▸ Task details
Look through the material for lines with the word "Love", and copy each one.

▸ Data provided
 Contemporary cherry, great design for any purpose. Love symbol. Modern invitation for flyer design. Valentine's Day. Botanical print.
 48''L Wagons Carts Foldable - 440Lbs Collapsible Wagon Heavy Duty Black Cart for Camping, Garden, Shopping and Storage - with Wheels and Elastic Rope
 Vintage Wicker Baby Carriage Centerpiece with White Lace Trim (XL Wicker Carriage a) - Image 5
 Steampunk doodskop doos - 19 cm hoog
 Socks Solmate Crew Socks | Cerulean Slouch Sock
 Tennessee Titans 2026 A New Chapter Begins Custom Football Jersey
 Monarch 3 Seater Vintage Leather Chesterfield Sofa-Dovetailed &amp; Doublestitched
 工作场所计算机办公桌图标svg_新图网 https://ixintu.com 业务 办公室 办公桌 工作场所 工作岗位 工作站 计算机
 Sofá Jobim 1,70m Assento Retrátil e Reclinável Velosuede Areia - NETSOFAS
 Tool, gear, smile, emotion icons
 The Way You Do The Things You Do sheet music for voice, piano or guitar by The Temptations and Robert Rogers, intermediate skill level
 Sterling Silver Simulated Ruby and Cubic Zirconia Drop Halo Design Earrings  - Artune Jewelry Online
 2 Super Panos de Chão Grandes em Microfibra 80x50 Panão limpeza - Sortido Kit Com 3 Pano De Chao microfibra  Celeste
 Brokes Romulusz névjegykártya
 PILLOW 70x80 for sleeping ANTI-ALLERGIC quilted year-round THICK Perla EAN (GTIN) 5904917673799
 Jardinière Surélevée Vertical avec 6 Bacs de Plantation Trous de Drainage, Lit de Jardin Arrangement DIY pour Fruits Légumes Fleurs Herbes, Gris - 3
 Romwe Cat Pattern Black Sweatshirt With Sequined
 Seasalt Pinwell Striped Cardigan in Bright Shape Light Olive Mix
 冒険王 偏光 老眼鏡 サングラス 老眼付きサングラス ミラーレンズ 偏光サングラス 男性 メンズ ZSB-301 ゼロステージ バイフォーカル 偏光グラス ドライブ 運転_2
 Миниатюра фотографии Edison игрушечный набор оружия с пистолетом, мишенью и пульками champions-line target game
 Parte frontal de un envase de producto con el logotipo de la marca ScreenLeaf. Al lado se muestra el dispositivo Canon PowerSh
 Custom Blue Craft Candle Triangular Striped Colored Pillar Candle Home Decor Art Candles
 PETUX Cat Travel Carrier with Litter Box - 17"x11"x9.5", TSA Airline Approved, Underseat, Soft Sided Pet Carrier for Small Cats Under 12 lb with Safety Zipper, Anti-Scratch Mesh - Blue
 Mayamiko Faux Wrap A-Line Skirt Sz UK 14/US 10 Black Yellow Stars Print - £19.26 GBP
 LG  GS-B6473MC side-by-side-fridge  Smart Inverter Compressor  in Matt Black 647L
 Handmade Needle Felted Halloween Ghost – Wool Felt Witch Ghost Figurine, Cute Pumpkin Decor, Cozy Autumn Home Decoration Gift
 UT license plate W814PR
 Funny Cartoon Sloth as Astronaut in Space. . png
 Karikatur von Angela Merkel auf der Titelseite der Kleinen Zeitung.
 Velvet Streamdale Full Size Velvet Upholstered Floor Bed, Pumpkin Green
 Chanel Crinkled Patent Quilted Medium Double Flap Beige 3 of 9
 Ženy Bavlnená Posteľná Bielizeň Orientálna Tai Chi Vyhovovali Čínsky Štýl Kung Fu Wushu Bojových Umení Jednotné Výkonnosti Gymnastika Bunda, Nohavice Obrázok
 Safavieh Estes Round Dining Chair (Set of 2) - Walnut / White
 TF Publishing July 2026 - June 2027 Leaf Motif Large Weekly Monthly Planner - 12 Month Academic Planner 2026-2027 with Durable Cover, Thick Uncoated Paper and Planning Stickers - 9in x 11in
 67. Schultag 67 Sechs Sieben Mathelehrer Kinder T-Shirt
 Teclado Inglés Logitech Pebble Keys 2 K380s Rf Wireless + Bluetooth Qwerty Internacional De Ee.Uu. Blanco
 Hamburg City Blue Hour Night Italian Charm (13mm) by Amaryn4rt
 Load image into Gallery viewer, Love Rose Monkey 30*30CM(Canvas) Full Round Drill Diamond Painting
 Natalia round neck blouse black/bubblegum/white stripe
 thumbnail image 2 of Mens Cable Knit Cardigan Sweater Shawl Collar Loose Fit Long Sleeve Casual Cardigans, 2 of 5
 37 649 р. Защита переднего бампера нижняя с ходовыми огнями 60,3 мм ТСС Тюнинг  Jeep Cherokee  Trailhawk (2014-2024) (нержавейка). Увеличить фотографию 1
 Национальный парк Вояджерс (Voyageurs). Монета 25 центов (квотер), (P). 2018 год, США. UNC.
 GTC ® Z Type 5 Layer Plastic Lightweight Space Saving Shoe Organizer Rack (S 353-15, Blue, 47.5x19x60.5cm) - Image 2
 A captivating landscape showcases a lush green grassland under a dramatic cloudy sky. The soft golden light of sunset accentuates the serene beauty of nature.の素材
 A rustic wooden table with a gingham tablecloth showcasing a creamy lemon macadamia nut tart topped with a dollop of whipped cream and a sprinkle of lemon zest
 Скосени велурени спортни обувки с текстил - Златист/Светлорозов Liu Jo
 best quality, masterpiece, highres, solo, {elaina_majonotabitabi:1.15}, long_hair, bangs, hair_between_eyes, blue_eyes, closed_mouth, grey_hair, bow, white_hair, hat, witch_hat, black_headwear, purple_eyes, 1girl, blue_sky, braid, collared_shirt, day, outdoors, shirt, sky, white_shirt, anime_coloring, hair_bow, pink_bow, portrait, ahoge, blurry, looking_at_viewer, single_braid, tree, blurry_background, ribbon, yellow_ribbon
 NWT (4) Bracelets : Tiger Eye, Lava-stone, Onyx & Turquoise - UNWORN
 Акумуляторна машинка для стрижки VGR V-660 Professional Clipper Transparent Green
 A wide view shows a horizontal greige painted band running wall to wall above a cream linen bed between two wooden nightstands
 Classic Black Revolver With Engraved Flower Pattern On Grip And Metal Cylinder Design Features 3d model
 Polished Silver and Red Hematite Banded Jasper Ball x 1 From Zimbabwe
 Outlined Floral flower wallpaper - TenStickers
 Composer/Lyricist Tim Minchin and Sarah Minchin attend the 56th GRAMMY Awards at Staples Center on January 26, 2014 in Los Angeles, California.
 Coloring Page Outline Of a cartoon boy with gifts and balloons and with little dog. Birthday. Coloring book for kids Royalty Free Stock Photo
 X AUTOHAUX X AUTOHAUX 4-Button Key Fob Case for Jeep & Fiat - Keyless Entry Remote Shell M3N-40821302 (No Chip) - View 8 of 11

▸ Reply to the task
 Contemporary cherry, great design for any purpose. Love symbol. Modern invitation for flyer design. Valentine's Day. Botanical print.
 Load image into Gallery viewer, Love Rose Monkey 30*30CM(Canvas) Full Round Drill Diamond Painting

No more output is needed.